Sharpe se frotó el golpe de la frente e intentó calcular el peso de las balas que podía disparar el Pucelle, pero Collier se le adelantó.

—Podemos arrojar 972 libras de metal por cada costado, señor, y tenemos dos costados —añadió amablemente—, como ya debe de haber notado. Y tenemos las seis carronadas, señor, que pueden lanzar treinta y dos libras cada una además de un barril de balas de mosquete, lo cual haría llorar a un francés, o al menos eso me han dicho. Cuidado con la cabeza. —Aquello significaba, pensó Sharpe, que aquel barco podía lanzar más balas por un solo costado que todas las baterías de la artillería del ejército combinadas en la batalla de Assaye. Era un bastión flotante, un implacable asesino de alta mar, y ni siquiera era el barco de guerra más grande que había a flote. Sharpe sabía que algunos de ellos llevaban más de un centenar de cañones. De nuevo Collier tenía las respuestas a sus preguntas, respuestas que había estudiado, pues, al igual que todos los guardiamarinas, se estaba preparando para su examen de teniente—. La armada posee ocho barcos de primera clase, es decir, de los que cuentan con cien o más cañones, tenga cuidado con ese bao bajo, señor, catorce de segunda clase, que llevan unos noventa cañones o más, y ciento treinta de tercera clase como éste.

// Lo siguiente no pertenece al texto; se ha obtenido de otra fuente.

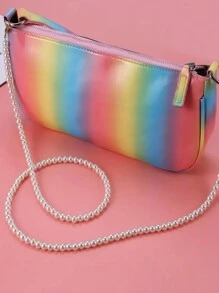 40-120CM Packet Chain Pearl Strap For Bags Handbag Handles DIY Purse Replacement Long Beaded Chain For Shoulder Bag Straps Pearl Belt Lanyard Phone Charm Beach Accessories Daisy - White - View 3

—¿A esto lo llaman barco de tercera clase? —preguntó Sharpe, atónito.

—Baje por aquí, señor, cuidado con la cabeza, señor. —Collier desapareció por otra escalera de cámara deslizándose por sus largueros y Sharpe lo siguió más lentamente, utilizando los travesaños. Al llegar abajo se encontró en una bodega oscura, húmeda y de techo bajo que olía fatal y que estaba tenuemente iluminada por unos faroles con tapa de cristal repartidos por el lugar—. Ésta es la cubierta del sollado, señor. Cuidado con la cabeza. También llamada bañera. Ojo con ese bao, señor. Aquí estamos justo debajo del agua, señor. El cirujano tiene sus habitaciones allí abajo, pasadas las santabárbaras, y todos rogamos, señor, para no acabar nunca bajo su cuchillo. Por aquí, señor. Tenga cuidado con la cabeza. —Collier mostró a Sharpe el pañol de cables y estachas donde descansaban las cuerdas del ancla, los dos pañoles de pólvora con cortinas de cuero que estaban vigilados por infantes de marina con casaca roja, el pañol de licores, la guarida del cirujano, con las paredes pintadas de rojo para que no se notara la sangre, la enfermería y los camarotes de los guardiamarinas, que apenas eran más grandes que casetas para perros. Luego guió a Sharpe por una última escalera hacia la enorme bodega donde las provisiones del barco se hallaban apiladas en varios montones de toneles. Más abajo sólo estaba la sentina; un lastimero sonido de succión, interrumpido por un repiqueteo, indicó a Sharpe que en aquel preciso momento unos cuantos hombres la bombeaban para vaciarla—. Las seis bombas apenas se detienen —dijo el guardiamarina— porque, no importa lo apretados que se construyan los barcos, el mar siempre se mete dentro. —Le dio una patada a una rata y falló, y luego volvió a subir por la escalera. Le mostró a Sharpe la cocina bajo el castillo de proa y le presentó al sargento de armas, a los cocineros, los contramaestres, los cabos de artillería, al carpintero. Luego se ofreció para llevarlo hasta lo alto del palo mayor.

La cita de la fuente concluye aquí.